Vierter Akt: Überwachung und Koordination der Euro-Staaten

Schon am 12. Mai, zwei Tage nach den Beschlüssen der Finanzminister, erliess Währungskommissar Olli Rehn Vorschläge zur fiskalischen und zur makroökonomisch-wettbewerblichen Überwachung und Koordination der Eurostaaten. Ein solches Korrektiv war konsequent, nachdem die Wirtschafts- und Finanzminister zuvor das Scheunentor für Hilfszahlungen weit geöffnet hatten. Aber es ging weit über fiskalische Eingriffe hinaus.

Im Zentrum der fiskalischen Überwachung und Koordination steht die Vorabkontrolle der nationalen Haushalte durch die EU. Das bedeutet, dass eine EU-Peer-Gruppe prüfen soll, ob der von einem Mitgliedstaat vorgelegte Haushalt mit den EU-Zielen übereinstimmt, bevor die nationalen Parlamente darüber Beschluss fassen dürfen.

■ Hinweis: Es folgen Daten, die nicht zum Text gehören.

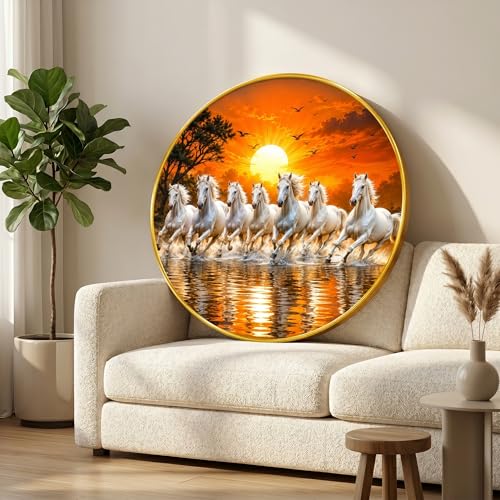 Image of SAF 7 Horse Vastu Round Wall Painting with Premium PVC Golden Frame, White Running Horses Sunset Water Art for Living Room Office Home Decor Gift (23 x 23 Inch) GR-449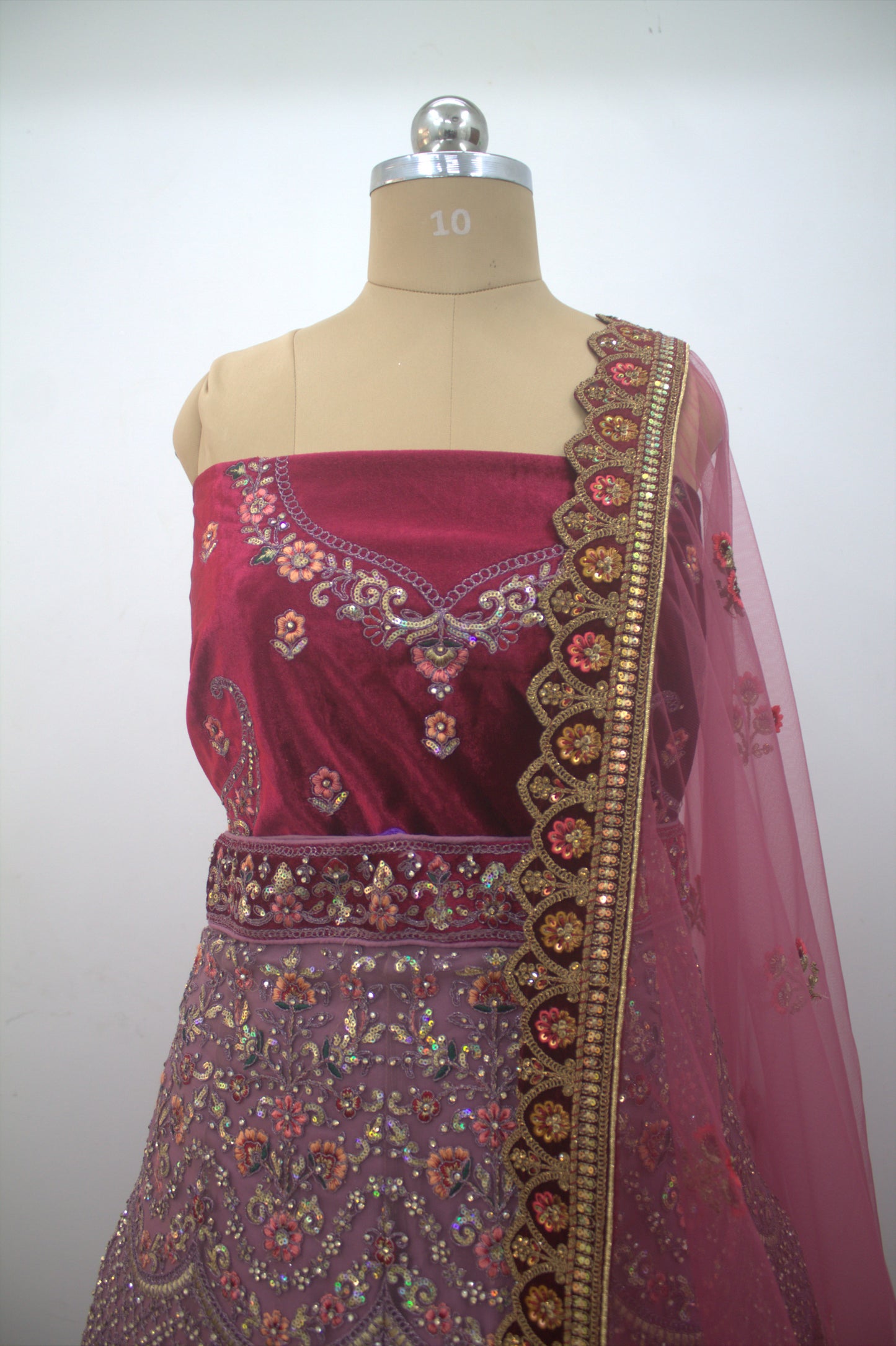 “Rose Pink Velvet Bridal Lehenga with Paisley Motifs & Heavy Zari Embroidery” Product code-1095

Zur weiteren Durchsetzung der EU-Ziele sind anfänglich «blaue Briefe» der Kommission und in späteren Stadien Subventionskürzungen aus dem Kohäsionsfonds vorgesehen. In besonderen Fällen soll der am 9. Mai 2010 von den Finanzministern beschlossene Hilfsfonds – nunmehr auf eine permanente Grundlage gestellt – eingesetzt werden. Staaten, die mit ihren Haushaltsmitteln auf Dauer nicht zurechtkommen, sollen also eine dauernde Haushaltsunterstützung – eine Art nicht zweckgebundenen Finanzausgleich – erhalten.6)

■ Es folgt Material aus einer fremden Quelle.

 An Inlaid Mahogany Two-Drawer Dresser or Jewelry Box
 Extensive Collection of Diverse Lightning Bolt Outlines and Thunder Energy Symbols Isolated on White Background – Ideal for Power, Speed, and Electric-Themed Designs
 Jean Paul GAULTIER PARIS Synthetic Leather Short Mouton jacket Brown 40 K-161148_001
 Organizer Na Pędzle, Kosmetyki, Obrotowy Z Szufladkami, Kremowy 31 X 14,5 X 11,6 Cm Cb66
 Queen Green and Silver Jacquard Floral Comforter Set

Zusammenfassend lässt sich festhalten: Sollten die nationalen Budgetverfahren tatsächlich so strukturiert werden, ginge dies weit über eine bundesstaatliche Zentralisierung wie beispielsweise in den USA hinaus. Der Staatsstreich der Kommission wäre geglückt. Die Erfahrung zeigt jedoch, dass administrative Budgetvorschriften selten das halten, was sie versprechen. So war es auch beim Stabilitäts- und Wachstumspakt. Strenges Durchgreifen ist löblich. Aber die Kommission wird ein Gewirr von Ausnahmen gewähren. Selbst Regierungen, die sich, wie die französische, zur Planwirtschaft bekennen, weichen zurück, wenn sie selbst betroffen sind.

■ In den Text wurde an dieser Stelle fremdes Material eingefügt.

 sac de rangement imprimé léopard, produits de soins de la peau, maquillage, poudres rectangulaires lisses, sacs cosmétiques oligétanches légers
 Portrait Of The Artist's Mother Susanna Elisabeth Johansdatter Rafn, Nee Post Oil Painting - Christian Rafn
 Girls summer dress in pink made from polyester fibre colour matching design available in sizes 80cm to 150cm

Nicht weniger problematisch ist die makroökonomisch-wettbewerbliche Überwachung, hinter der die französische Idee des «gouvernement économique» steht. Diese soll aufgrund von Kennziffern erfolgen, die für jeden Eurostaat auf einer «Anzeigetafel» geführt und verglichen werden. Übermässige Abweichungen nach unten, aber auch nach oben sollen korrigiert werden. Beispielsweise kann Griechenland dazu angehalten werden, seine Wettbewerbsfähigkeit anzuheben, wenn seine Kennziffern schlecht sind. Umgekehrt wird davon gesprochen, dass Deutschland dazu angehalten werden müsse, seinen Leistungsbilanzüberschuss abzubauen, damit andere Mitgliedstaaten aus ihrem Leistungsbilanzdefizit herauskämen. Doch Kennziffern taugen dazu kaum. Sollen die genannten Strukturziele tatsächlich erreicht werden, so müssen Märkte durch Planung ersetzt werden. Ein fataler Schritt.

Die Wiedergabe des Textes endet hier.